> Exercise description: Exercise in exact copying: restate word for word only the lines below from the one containing "We also use" through the one containing "How do you tell", omitting any pictures.
^^^^^^^^^^^^^^^^
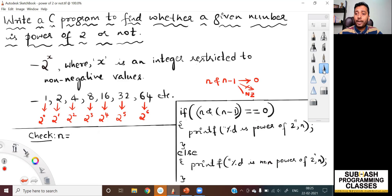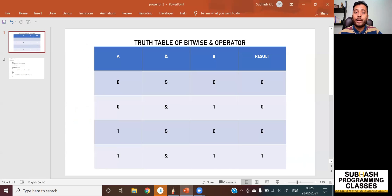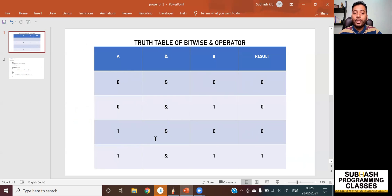Before getting into solving examples practically, you must understand the truth table correctly. The truth table for bitwise AND operation is: 0 AND 0 = 0, 0 AND 1 = 0, 1 AND 0 = 0, and 1 AND 1 = 1. Only when both inputs are 1 will the bitwise AND result in 1. All other combinations will always result in zero. With this understanding of the truth table, let us solve the problem.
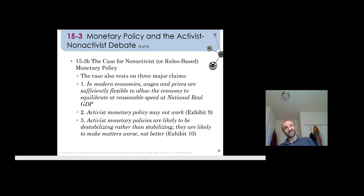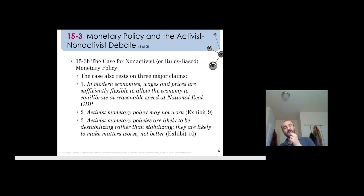The second argument is that activist monetary policy may not work — may not be efficient. And the third point is that activist policy can actually further destabilize, rather than stabilize, the macroeconomy, making things worse rather than better.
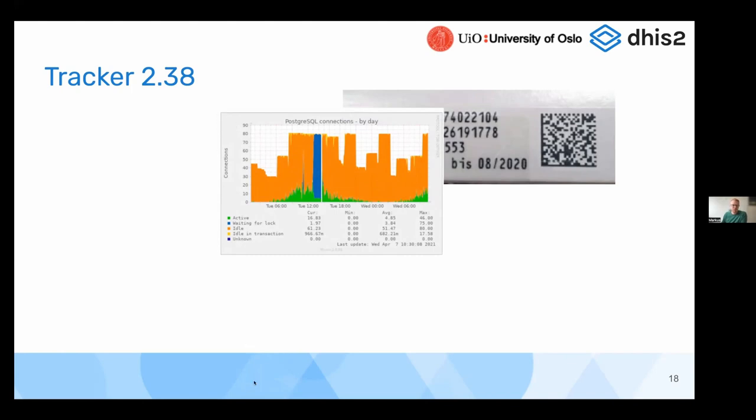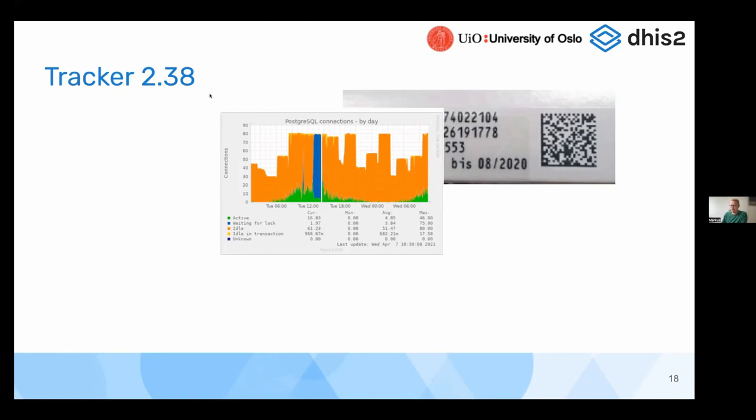Some features going into 2.38 only and some benefiting also older versions. One of the main benefits in 2.38 when it comes to performance is that the new tracker importer is now being used wider. It's being used by the capture app for importing events and tracker data, and we think that will have a positive performance impact. We're also building a new feature that wasn't quite ready for release in 2.38 that would help building indexes on the database. But we have added some documentation on how this feature can be used from the backend in the documentation about running high volume tracker implementations.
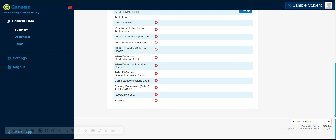Please note that our dedicated admissions team will review each application thoroughly to ensure all documents have been received. Once they have reviewed your documents, they will update this section to verify the document has been received.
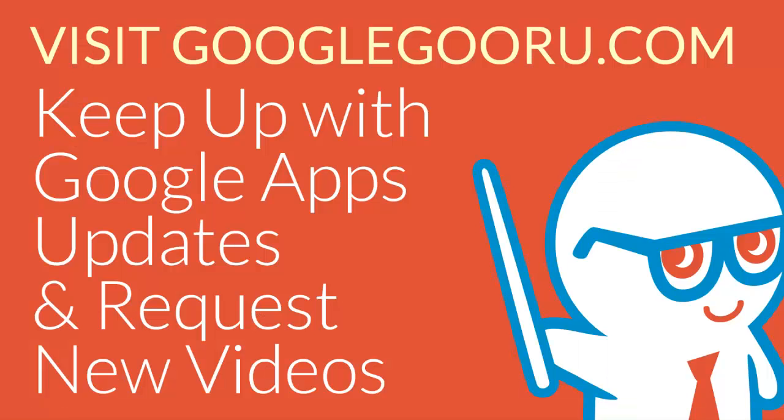So that was my brief introduction to the Gmail offline app. I hope you guys enjoyed the video. And if you have any questions, please leave us a comment in the section below. Thank you.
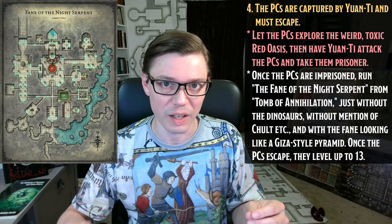Act 4 begins in the Red Oasis — a sickly oasis with poisonous waters and toxic plants growing at the edge. Let the PCs relax for a little bit, maybe take a short rest and explore, and then hit them as hard as you can with Yuan-Ti abominations. Attack the PCs with wave after wave of Yuan-Ti abominations until they fall to zero hit points, take them prisoner, and run the Fane of the Night Serpent from Tomb of Annihilation.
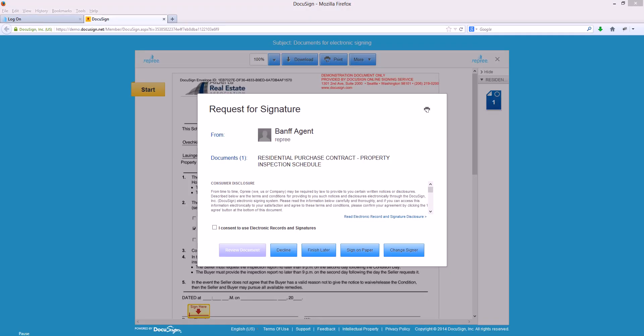The first screen that comes up here is a disclosure statement. If you go through and read this disclosure statement, it will explain to you what an electronic signature is and how it works. Because this is a legal document, you have to be okay with the electronic signing process to continue. If you are not, there is an option to sign on paper.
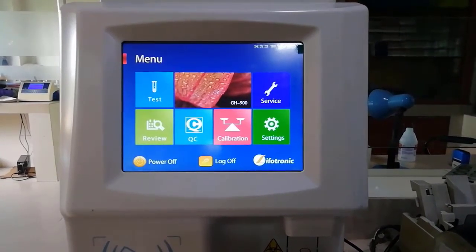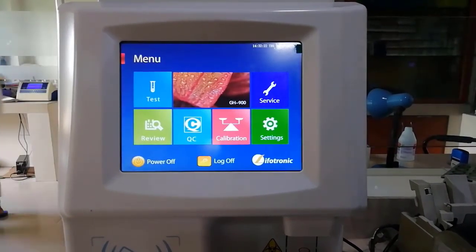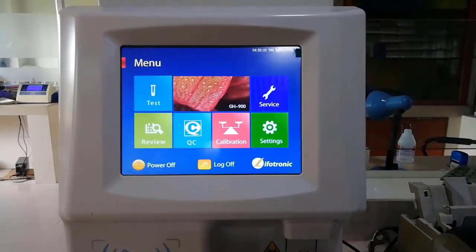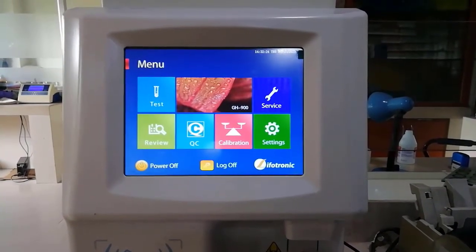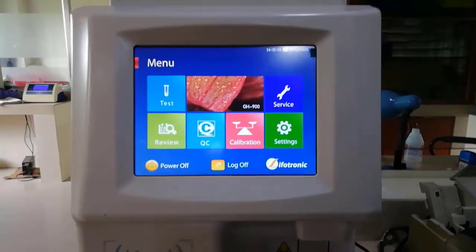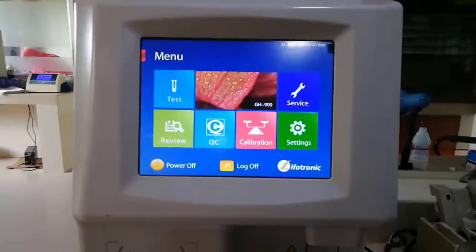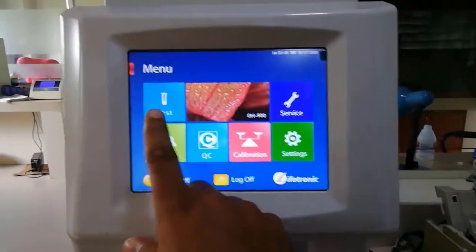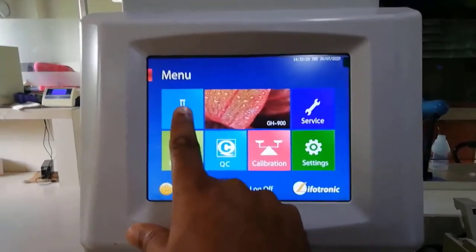We can select from the main menu: Test, Review, QC, Calibration, Settings, and Service.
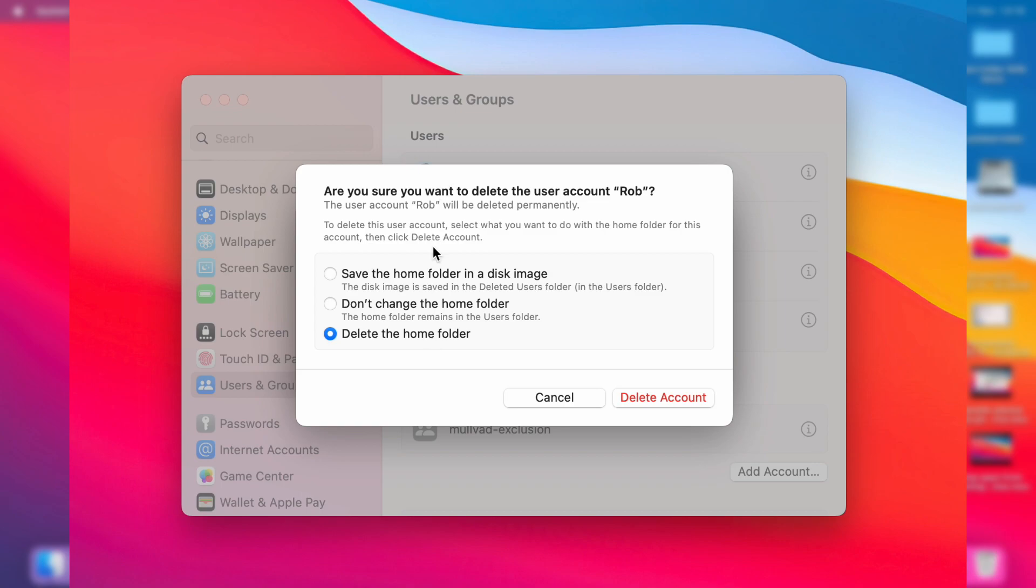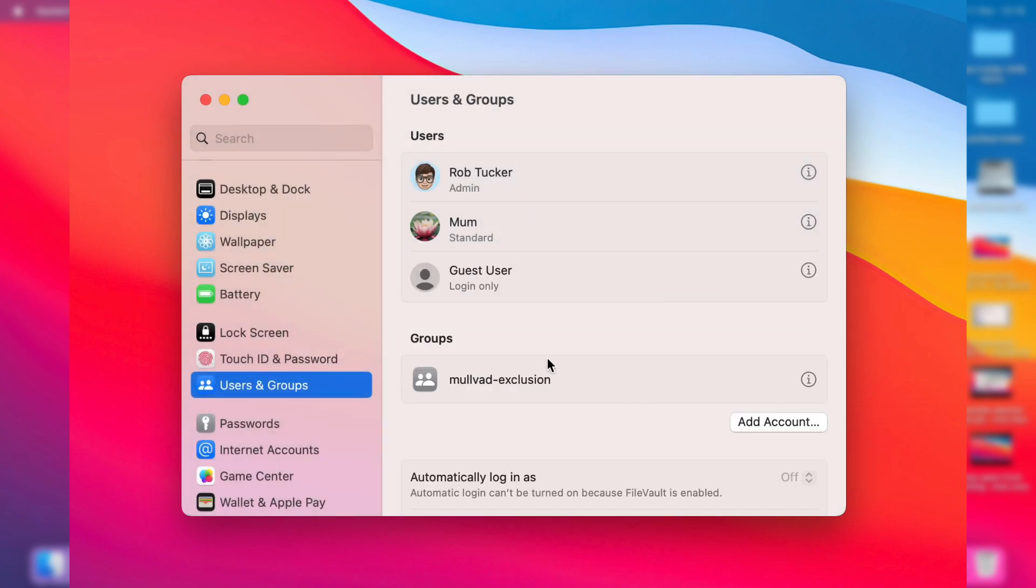That's going to be up to you. Personally I haven't got anything on that account so I'll just have delete the home folder and then I'll press on delete account again like this and it will take a moment and it's now been deleted. So the next time I go and try and sign into my Mac that account will not be there and it's being completely deleted.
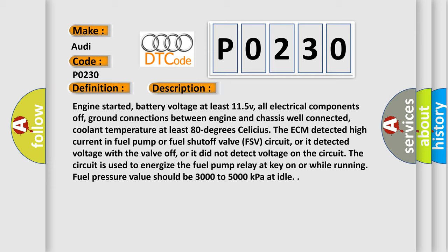The circuit is used to energize the fuel pump relay at key on or while running. Fuel pressure value should be 3000 to 5000 kilopascals at idle.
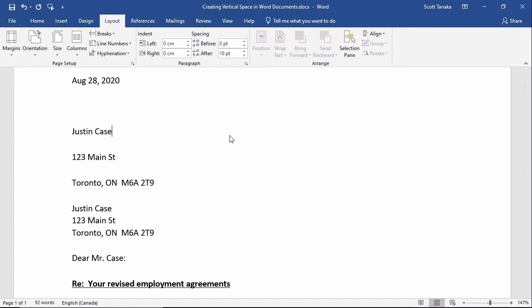You might reason that this problem could have been avoided if I had selected everything except the first address before changing the line spacing. And that's true, but imagine how tedious it would be to do this manually if you had a hundred letters saved inside of the same Word document.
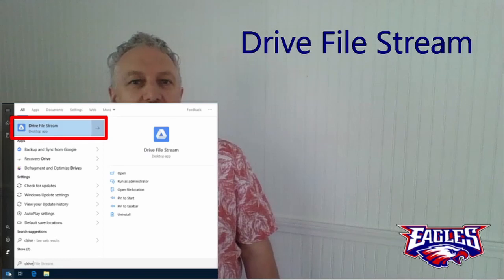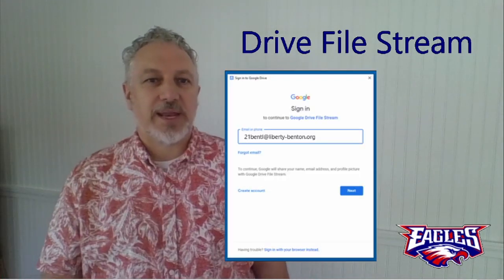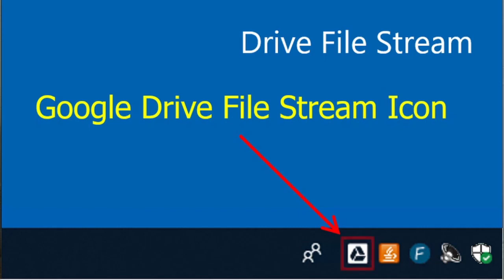We also use Google Drive for all of our file storage, and there's already an app installed on your computer called Drive File Stream. You need to start this app one time so that all your files are available through the file manager. To do this, click on the Start button and navigate to Drive File Stream. It's going to ask you for your email and your password, and after you've logged in once you're going to see this icon appear in the bottom right-hand corner of your screen. As long as that's there, you have access to all of your files on Google Drive through the file system built into your PC.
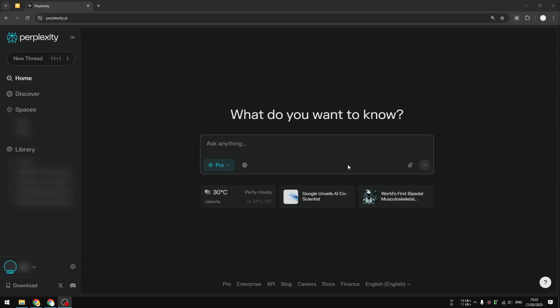How do you tell how many Perplexity Pro Search credits or copilot credits are left on your Perplexity account? Well, if you're using the free version of Perplexity,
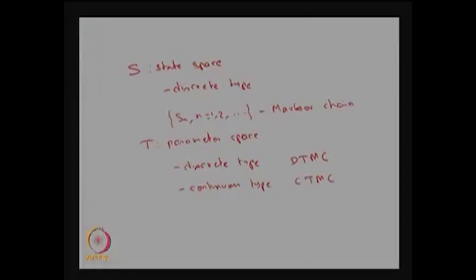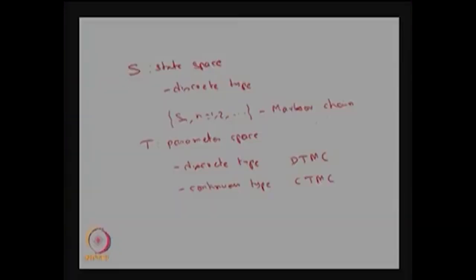In this module we are studying the discrete time Markov chain; the next modules will discuss the continuous time Markov chain. In general, a stochastic process satisfying the Markov property is called a Markov process. Based on the state space it is called a Markov chain, and based on the parameter space it is called either a discrete time or continuous time Markov chain.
^^^^^^^^^^^^^^^^
> Output of the exercise:
We also use Google Drive for all of our file storage, and there's already an app installed on your computer called Drive File Stream. You need to start this app one time so that all your files are available through the file manager. To do this, click on the Start button and navigate to Drive File Stream. It's going to ask you for your email and your password, and after you've logged in once you're going to see this icon appear in the bottom right-hand corner of your screen. As long as that's there, you have access to all of your files on Google Drive through the file system built into your PC.
How do you tell how many Perplexity Pro Search credits or copilot credits are left on your Perplexity account? Well, if you're using the free version of Perplexity,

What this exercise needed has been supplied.